§ Problem
Your answer must be the lines from the one containing "Black and brown" through the last line of the records below, copied exactly, with the pictures left out.

[Data entries]
####

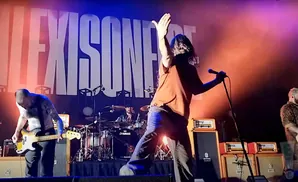 A band performs on stage with a large 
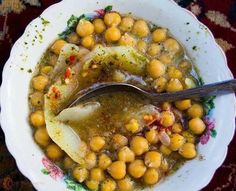 a white bowl filled with chickpeas next to a spoon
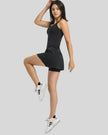 Side view of FormMove Active Dress in black highlighting built-in shorts with pockets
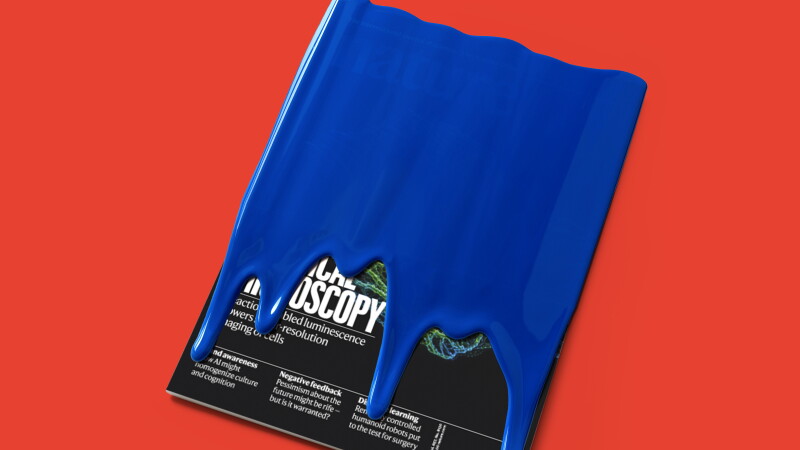 Photo-based illustration of a magazine covered in blue paint against a red background.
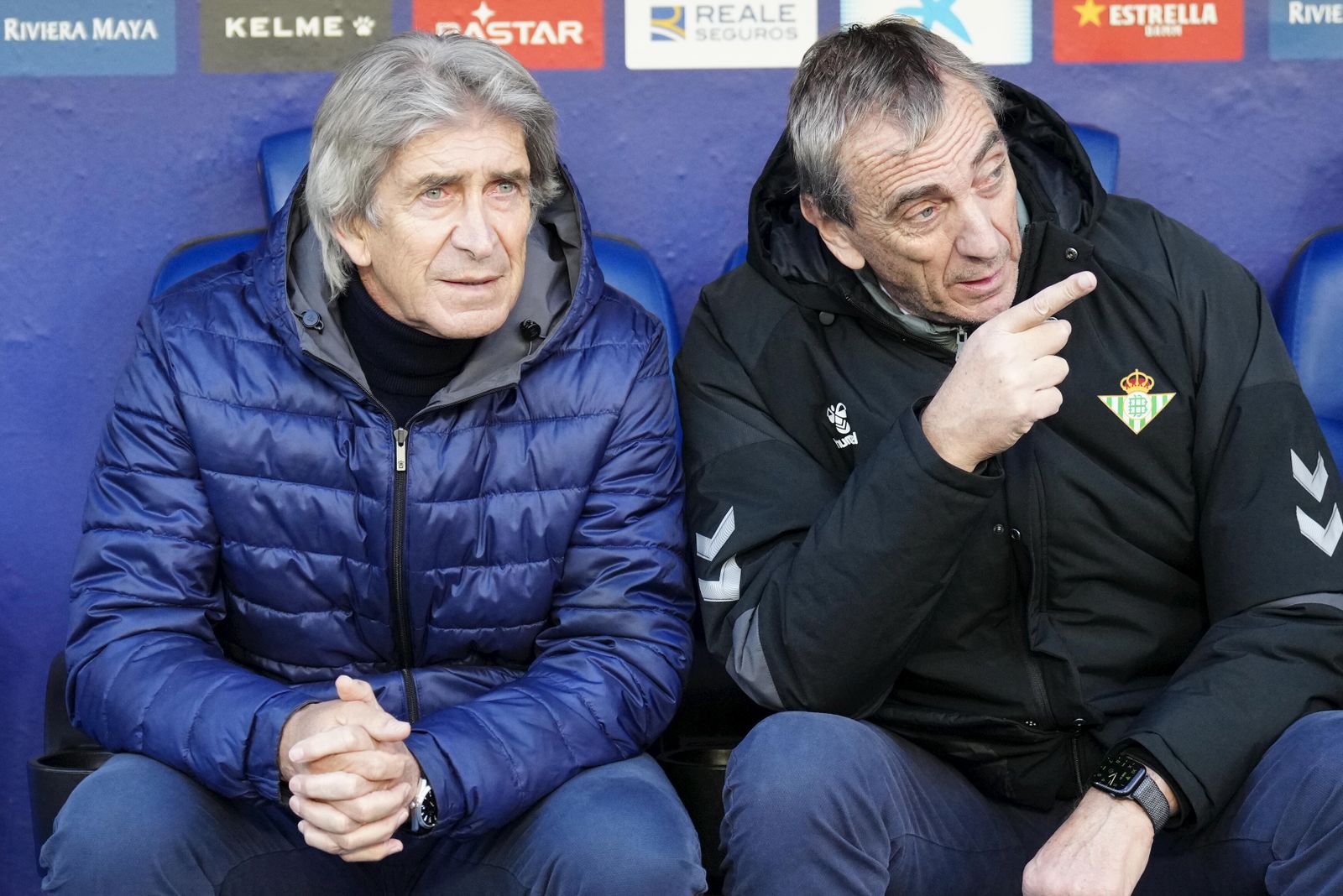Pellegrini escucha a Rubén Cousillas antes del inicio de un partido.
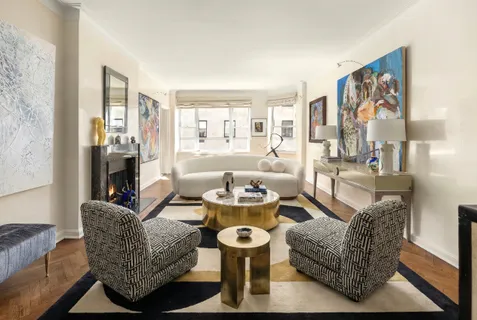 a living room with fireplace furniture and a large window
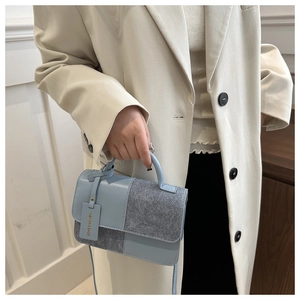 Detail of the blue and grey patchwork handbag showing textured materials and handle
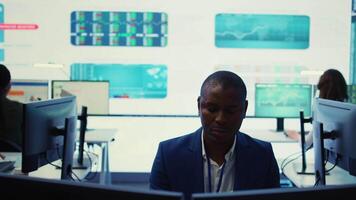 Chief executive officer reviewing project details about achieving business goals, establishing resource allocation. Administrator works in a firm monitoring room with big screen. Camera B. video
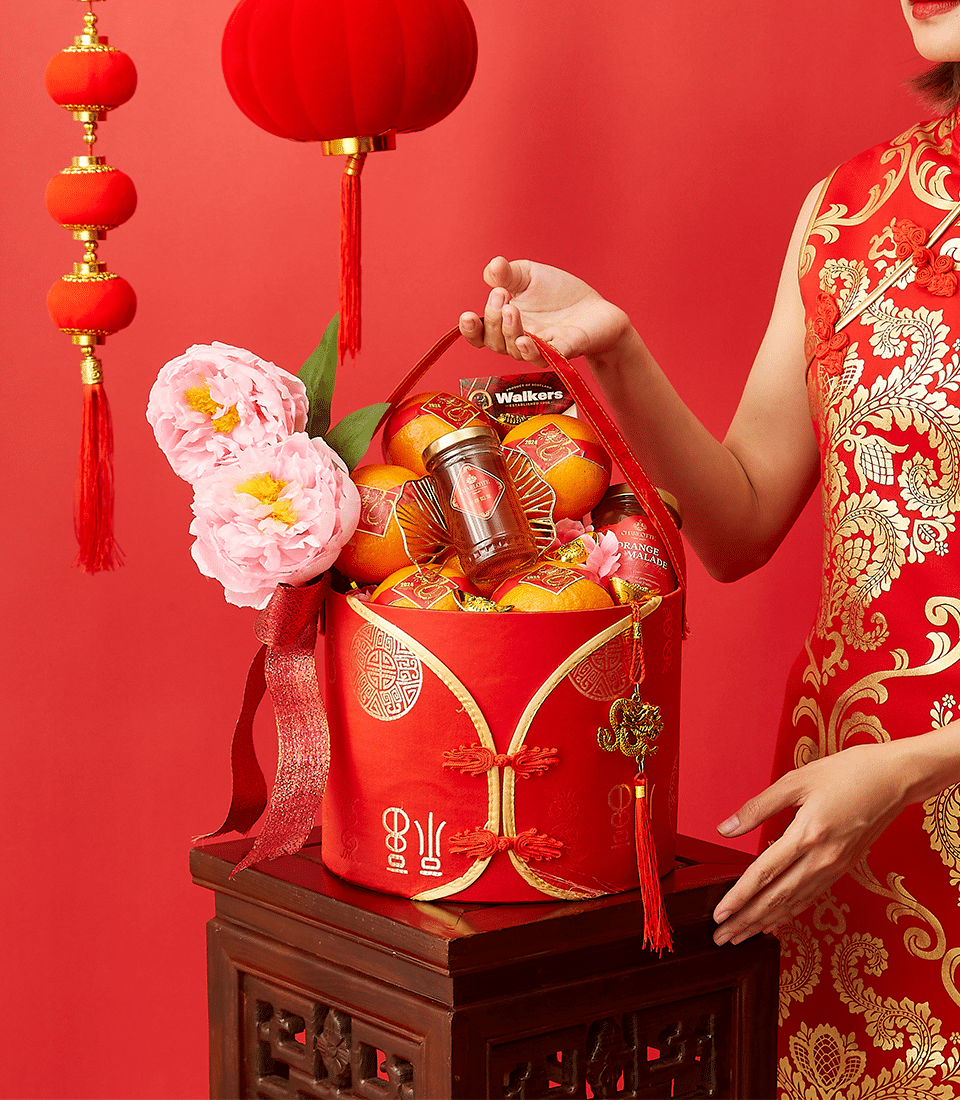 Red cylindrical CNY gift basket with mandarin oranges, marmalade, shortbread, peonies and gold dragon charm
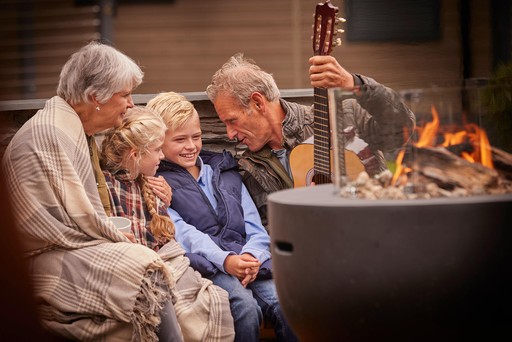Grandparents sits with their grandchildren by a Fire Pit next to their Forest Pod at Stratheck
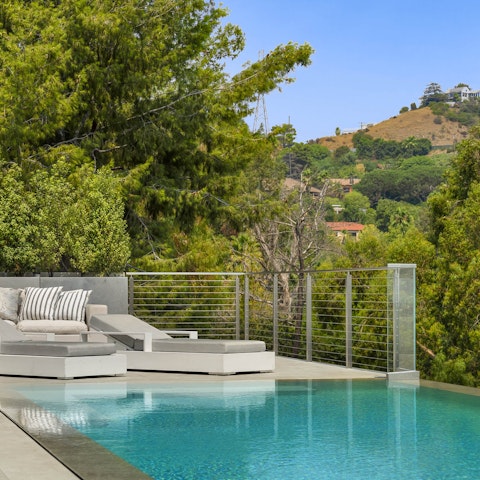 Swim laps in the pool as Runyan Canyon stretches before you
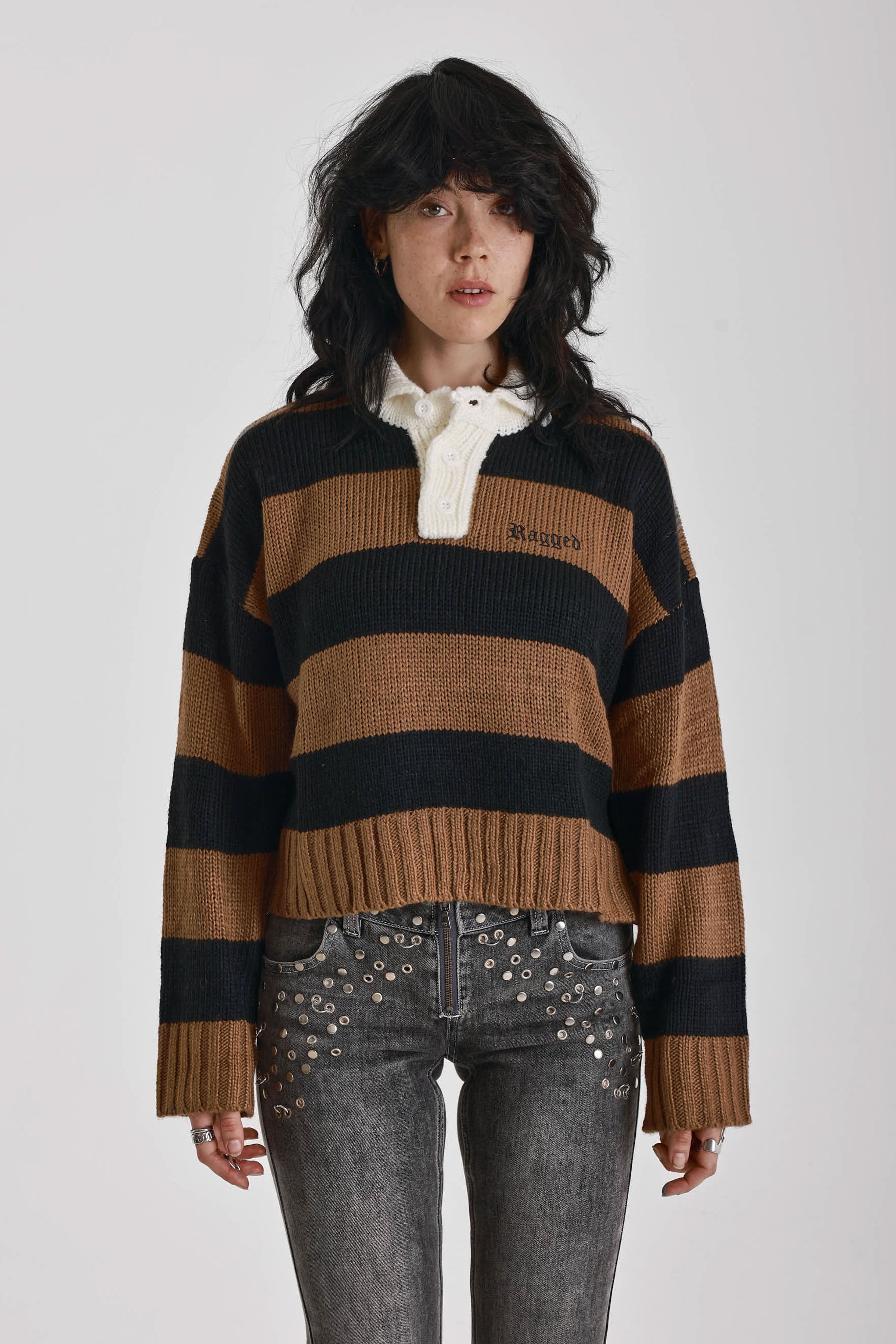 Black and brown stripe rugby polo knit jumper with varsity back print, worn by model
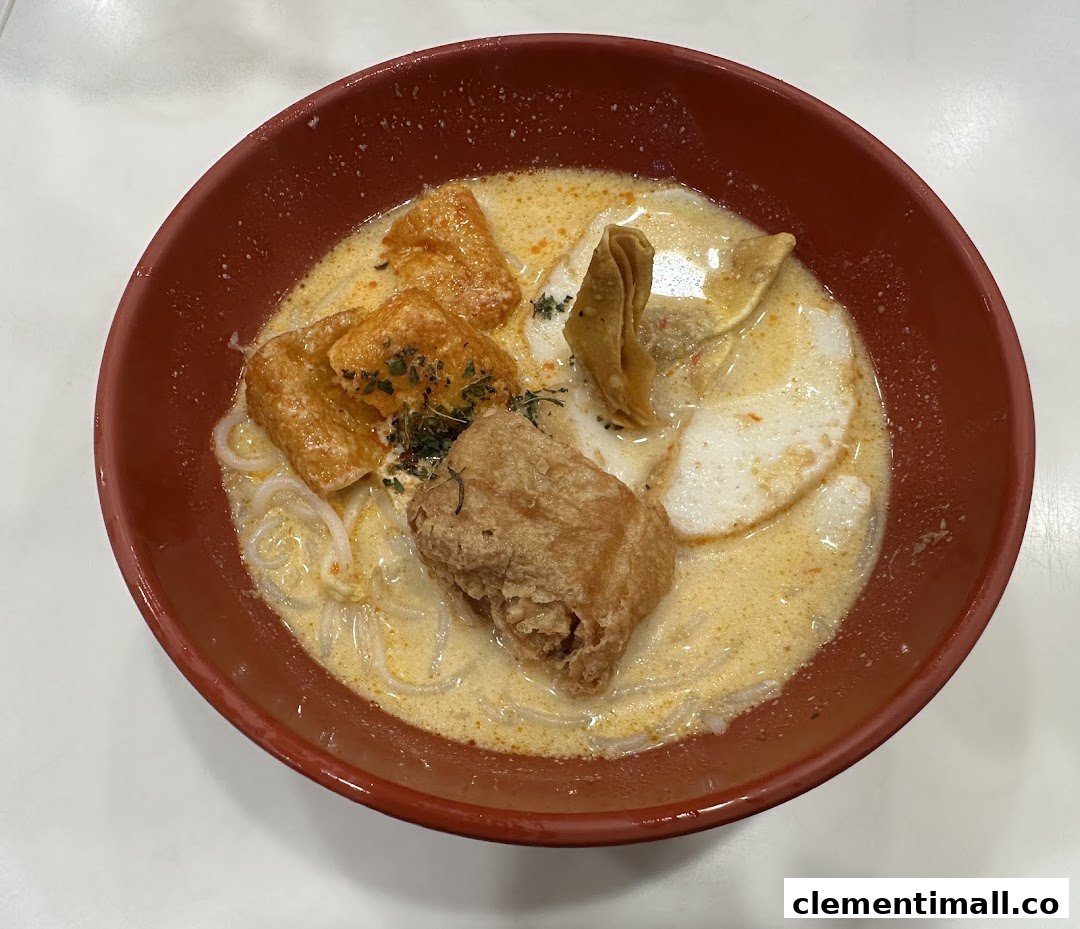A close-up of a delicious bowl of creamy noodle soup with various toppings in a red bowl.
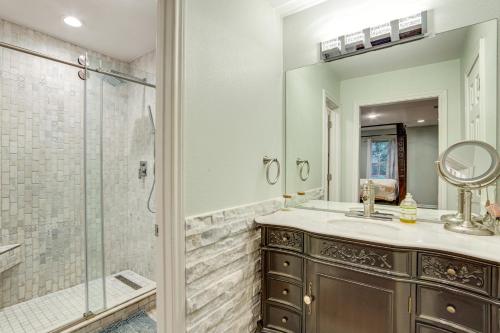 a bathroom with a shower and a sink and a mirror at Walk to Lake Athens! Updated Home with Large Deck in Murchison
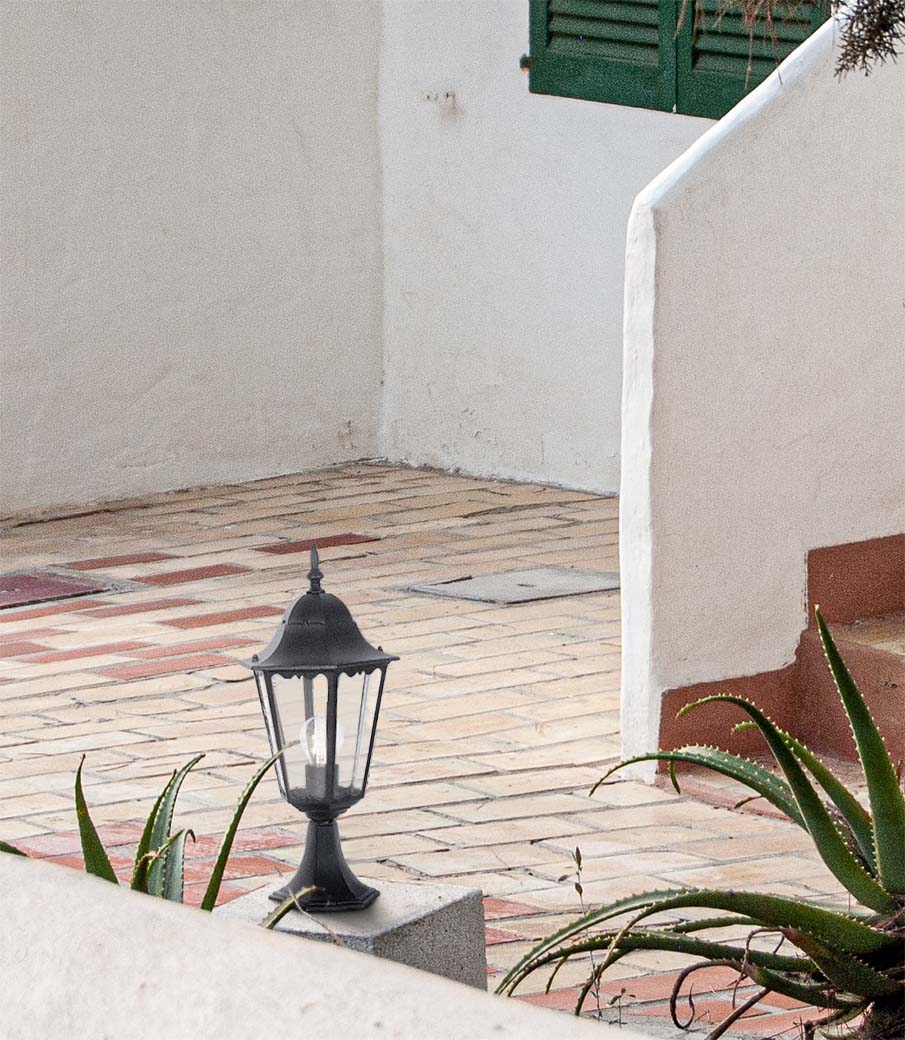 Czarna lampa ogrodowa Lozana H51 stojąca, wykonana z metalu, z klasycznym, sześciokątnym kloszem. Ujęcie z boku, na płaskim podłożu, w otoczeniu roślin. Tło jasne, z widocznymi elementami architektonicznymi.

####

§ Answer
 Black and brown stripe rugby polo knit jumper with varsity back print, worn by model
A close-up of a delicious bowl of creamy noodle soup with various toppings in a red bowl.
 a bathroom with a shower and a sink and a mirror at Walk to Lake Athens! Updated Home with Large Deck in Murchison
 Czarna lampa ogrodowa Lozana H51 stojąca, wykonana z metalu, z klasycznym, sześciokątnym kloszem. Ujęcie z boku, na płaskim podłożu, w otoczeniu roślin. Tło jasne, z widocznymi elementami architektonicznymi.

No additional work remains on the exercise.